Une lingerie fine magnifie la féminité en subtilité

D’une bonneterie conventionnelle à la lingerie sensuelle

Une lingerie demeure dès l’Antiquité, cependant elle ne pouvait rarement être titrée de sensuelle à cette date. Elle permettait principalement à dissimuler le poitrail des femmes qui était estimé comme déshonnête. La lingerie plus moderne advient au XVe siècle, grâce à l’invention des corsets. Insuffisamment confortable, il est particulièrement destiné à affiner la taille et à contenir le dos droit. Il est limité à l’aristocratie. Au XVIe s., la culotte de coton se diffuse.
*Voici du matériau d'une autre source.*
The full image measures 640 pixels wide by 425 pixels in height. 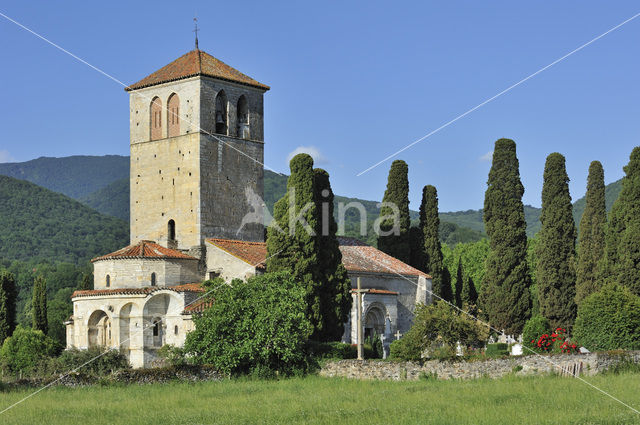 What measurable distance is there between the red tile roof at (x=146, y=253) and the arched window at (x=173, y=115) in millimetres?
6147

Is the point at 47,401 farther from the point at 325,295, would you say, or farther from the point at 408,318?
the point at 408,318

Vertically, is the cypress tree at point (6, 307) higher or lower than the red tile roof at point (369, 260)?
lower

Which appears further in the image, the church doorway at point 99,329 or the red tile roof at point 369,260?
the red tile roof at point 369,260

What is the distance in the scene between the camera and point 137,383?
33.1 meters

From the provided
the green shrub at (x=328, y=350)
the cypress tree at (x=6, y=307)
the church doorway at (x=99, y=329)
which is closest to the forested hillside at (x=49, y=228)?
the cypress tree at (x=6, y=307)

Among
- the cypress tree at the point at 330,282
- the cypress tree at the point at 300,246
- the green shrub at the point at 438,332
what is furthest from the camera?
the cypress tree at the point at 330,282

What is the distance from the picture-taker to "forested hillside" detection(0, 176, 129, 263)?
398ft

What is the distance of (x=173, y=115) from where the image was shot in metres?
49.1

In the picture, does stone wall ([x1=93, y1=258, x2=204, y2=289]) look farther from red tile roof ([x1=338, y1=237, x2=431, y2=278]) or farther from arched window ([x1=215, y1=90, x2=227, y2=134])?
red tile roof ([x1=338, y1=237, x2=431, y2=278])

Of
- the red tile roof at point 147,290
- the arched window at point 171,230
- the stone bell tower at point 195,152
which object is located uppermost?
the stone bell tower at point 195,152

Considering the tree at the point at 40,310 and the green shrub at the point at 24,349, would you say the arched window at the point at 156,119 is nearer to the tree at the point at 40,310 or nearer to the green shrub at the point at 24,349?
the green shrub at the point at 24,349

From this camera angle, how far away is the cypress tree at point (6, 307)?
5409 centimetres

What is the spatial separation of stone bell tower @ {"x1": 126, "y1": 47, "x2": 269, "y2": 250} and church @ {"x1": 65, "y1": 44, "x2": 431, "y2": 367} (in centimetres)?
5

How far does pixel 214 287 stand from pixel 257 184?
33.0 ft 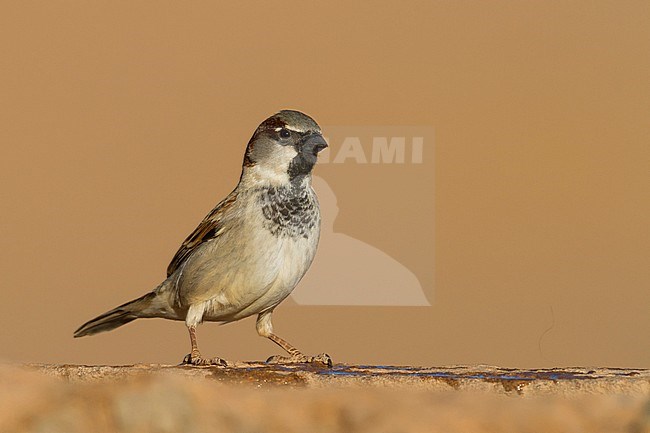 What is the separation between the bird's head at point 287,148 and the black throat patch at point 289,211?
6 cm

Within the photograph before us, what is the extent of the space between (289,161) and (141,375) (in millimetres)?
2067

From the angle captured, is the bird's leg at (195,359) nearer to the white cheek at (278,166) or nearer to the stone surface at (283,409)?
the white cheek at (278,166)

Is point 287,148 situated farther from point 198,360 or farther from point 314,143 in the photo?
point 198,360

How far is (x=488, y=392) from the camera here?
2143 mm

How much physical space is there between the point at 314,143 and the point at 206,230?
56cm

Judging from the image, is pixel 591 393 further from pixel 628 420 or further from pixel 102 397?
pixel 102 397

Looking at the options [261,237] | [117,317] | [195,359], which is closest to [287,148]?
[261,237]

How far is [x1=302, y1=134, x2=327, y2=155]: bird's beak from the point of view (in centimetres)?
389

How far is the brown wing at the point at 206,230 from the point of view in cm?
404

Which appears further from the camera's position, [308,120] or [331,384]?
[308,120]

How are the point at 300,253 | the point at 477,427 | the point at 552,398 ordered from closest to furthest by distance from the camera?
1. the point at 477,427
2. the point at 552,398
3. the point at 300,253

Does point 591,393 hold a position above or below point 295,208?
below

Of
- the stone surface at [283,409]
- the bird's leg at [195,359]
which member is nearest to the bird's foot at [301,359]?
the bird's leg at [195,359]

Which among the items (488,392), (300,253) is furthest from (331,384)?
(300,253) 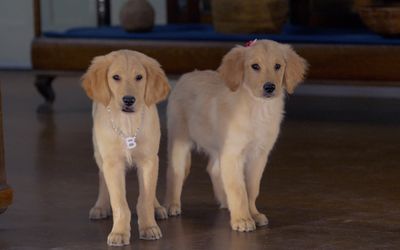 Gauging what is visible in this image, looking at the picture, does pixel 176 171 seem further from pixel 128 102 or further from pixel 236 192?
pixel 128 102

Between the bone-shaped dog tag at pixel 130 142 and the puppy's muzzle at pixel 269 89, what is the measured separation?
530mm

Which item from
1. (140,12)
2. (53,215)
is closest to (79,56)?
(140,12)

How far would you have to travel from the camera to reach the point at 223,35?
23.2ft

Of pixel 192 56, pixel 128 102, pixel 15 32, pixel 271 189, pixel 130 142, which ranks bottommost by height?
pixel 271 189

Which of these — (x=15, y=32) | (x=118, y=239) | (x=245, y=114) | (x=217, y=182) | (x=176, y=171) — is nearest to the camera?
(x=118, y=239)

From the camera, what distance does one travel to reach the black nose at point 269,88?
13.2 ft

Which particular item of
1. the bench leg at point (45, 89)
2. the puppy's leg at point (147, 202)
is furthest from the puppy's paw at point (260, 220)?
the bench leg at point (45, 89)

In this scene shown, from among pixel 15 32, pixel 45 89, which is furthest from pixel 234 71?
pixel 15 32

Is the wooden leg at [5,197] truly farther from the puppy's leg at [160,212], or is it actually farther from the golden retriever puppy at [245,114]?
the golden retriever puppy at [245,114]

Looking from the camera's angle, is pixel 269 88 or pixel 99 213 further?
pixel 99 213

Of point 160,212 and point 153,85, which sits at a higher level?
point 153,85

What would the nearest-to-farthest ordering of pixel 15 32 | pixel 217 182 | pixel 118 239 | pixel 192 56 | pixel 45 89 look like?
1. pixel 118 239
2. pixel 217 182
3. pixel 192 56
4. pixel 45 89
5. pixel 15 32

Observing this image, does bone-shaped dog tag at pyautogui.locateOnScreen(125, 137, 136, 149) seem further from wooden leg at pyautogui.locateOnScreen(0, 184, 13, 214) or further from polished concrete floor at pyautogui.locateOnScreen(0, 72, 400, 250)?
wooden leg at pyautogui.locateOnScreen(0, 184, 13, 214)

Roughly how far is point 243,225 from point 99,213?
607mm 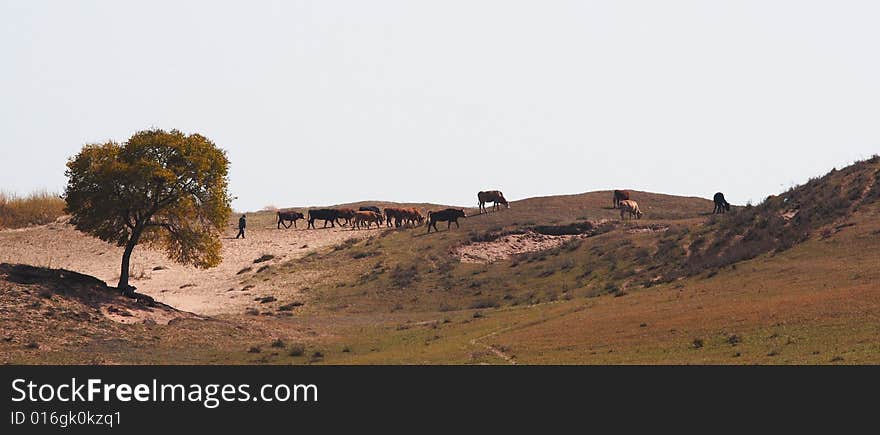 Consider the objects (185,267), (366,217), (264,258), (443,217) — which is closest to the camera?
(185,267)

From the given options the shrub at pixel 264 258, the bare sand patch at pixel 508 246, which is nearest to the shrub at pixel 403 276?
the bare sand patch at pixel 508 246

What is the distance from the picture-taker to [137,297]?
53312 mm

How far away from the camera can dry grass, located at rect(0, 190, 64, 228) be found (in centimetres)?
10188

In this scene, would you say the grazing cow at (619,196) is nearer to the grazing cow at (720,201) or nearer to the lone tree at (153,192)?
the grazing cow at (720,201)

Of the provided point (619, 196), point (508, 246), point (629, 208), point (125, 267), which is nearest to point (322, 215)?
point (508, 246)

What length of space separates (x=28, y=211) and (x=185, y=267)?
113 feet

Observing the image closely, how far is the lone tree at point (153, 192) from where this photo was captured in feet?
174

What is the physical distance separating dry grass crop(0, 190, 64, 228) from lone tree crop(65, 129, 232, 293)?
51.5 m

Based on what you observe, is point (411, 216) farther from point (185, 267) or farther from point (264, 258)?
point (185, 267)

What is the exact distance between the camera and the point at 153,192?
177ft

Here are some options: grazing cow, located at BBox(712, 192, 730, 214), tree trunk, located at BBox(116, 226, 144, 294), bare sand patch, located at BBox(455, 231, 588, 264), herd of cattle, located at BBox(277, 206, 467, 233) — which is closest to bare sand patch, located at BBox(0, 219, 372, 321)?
herd of cattle, located at BBox(277, 206, 467, 233) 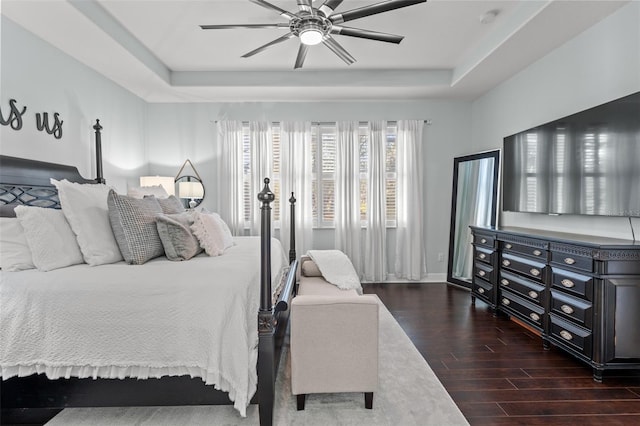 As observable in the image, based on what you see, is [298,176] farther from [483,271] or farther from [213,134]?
[483,271]

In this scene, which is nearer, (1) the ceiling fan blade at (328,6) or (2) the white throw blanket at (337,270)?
(1) the ceiling fan blade at (328,6)

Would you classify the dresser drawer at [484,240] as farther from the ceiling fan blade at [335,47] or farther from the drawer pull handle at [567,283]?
the ceiling fan blade at [335,47]

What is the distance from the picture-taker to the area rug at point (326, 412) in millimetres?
1824

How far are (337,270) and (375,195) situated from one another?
215 centimetres

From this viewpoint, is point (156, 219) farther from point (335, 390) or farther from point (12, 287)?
point (335, 390)

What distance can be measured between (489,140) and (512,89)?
2.34 feet

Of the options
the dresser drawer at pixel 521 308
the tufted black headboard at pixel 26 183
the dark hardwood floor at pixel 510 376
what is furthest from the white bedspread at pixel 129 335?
the dresser drawer at pixel 521 308

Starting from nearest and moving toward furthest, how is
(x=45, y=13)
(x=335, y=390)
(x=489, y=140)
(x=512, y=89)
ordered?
(x=335, y=390)
(x=45, y=13)
(x=512, y=89)
(x=489, y=140)

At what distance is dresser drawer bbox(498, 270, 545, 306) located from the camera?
9.20 ft

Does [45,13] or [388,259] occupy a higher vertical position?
[45,13]

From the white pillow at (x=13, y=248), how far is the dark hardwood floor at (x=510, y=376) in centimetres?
276

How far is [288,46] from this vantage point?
11.7ft

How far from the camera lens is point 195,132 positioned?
4.89m

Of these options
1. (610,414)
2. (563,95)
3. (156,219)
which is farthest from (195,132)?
(610,414) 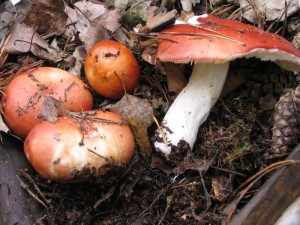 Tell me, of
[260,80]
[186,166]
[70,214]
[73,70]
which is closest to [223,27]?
Answer: [260,80]

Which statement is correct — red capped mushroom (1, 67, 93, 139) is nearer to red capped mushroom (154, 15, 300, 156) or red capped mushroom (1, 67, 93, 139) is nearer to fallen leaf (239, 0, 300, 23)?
red capped mushroom (154, 15, 300, 156)

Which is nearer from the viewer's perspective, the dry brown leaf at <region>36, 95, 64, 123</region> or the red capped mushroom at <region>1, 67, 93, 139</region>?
the dry brown leaf at <region>36, 95, 64, 123</region>

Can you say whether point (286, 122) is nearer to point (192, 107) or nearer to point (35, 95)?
point (192, 107)

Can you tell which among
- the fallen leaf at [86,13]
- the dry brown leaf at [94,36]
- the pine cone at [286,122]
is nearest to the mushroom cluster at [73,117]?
the dry brown leaf at [94,36]

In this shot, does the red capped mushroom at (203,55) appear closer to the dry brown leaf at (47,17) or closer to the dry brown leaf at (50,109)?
the dry brown leaf at (50,109)

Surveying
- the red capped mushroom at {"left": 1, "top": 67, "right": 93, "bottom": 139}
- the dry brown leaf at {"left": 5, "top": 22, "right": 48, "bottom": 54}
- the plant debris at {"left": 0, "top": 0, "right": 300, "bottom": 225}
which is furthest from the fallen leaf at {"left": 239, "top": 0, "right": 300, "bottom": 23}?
the dry brown leaf at {"left": 5, "top": 22, "right": 48, "bottom": 54}

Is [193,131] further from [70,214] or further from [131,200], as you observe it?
[70,214] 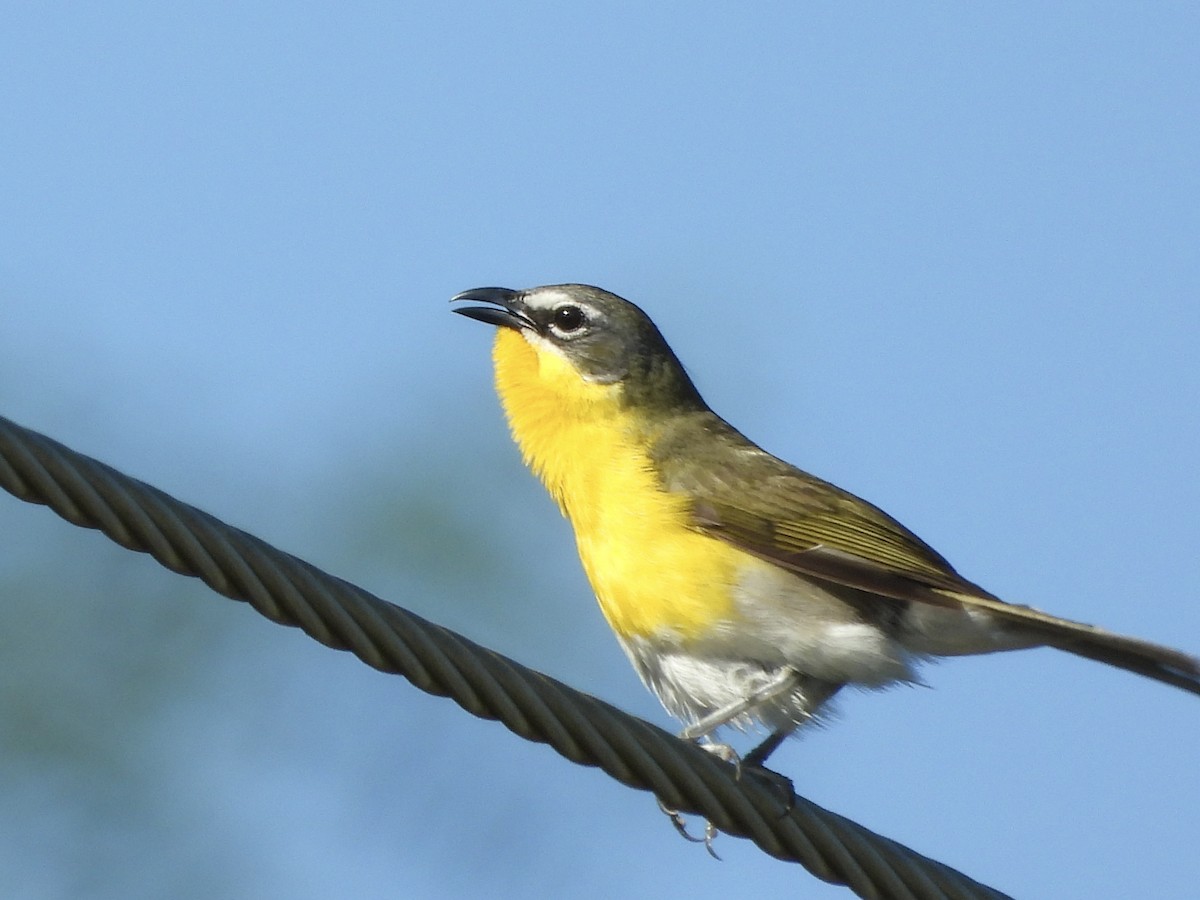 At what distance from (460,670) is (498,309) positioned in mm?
4159

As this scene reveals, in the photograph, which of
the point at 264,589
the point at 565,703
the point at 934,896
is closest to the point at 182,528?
the point at 264,589

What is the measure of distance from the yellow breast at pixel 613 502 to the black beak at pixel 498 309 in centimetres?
6

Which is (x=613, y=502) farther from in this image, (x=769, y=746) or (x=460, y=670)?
(x=460, y=670)

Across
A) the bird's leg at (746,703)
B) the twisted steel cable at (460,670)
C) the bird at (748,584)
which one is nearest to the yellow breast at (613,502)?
the bird at (748,584)

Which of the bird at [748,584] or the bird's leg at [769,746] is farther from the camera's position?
the bird's leg at [769,746]

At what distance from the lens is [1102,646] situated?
548 cm

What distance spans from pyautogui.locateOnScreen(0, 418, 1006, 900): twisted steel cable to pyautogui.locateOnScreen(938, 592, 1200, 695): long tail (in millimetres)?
1155

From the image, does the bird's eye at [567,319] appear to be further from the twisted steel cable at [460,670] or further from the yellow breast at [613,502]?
the twisted steel cable at [460,670]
On est toujours loin de la bonneterie coquine.

Le brassière est conçu vers 1900, et il demeure un accessoire propre. En ce 20e siècle, les demoiselle aiment aussi utiliser des bas qui idéalisent leurs gambettes et enivrent les yeux des hommes. Pourtant cette mode est fréquemment rattachée à la dépravation. Les demoiselles préfèrent la bonneterie classique qui est particularisée par des nuances chair ou sombres et des courbes passe partout. C’est vers la fin du XXe s. que des novateurs tels que Chantal Thomas placent le désir au coeur de la bonneterie en coordonnant provocation et harmonie.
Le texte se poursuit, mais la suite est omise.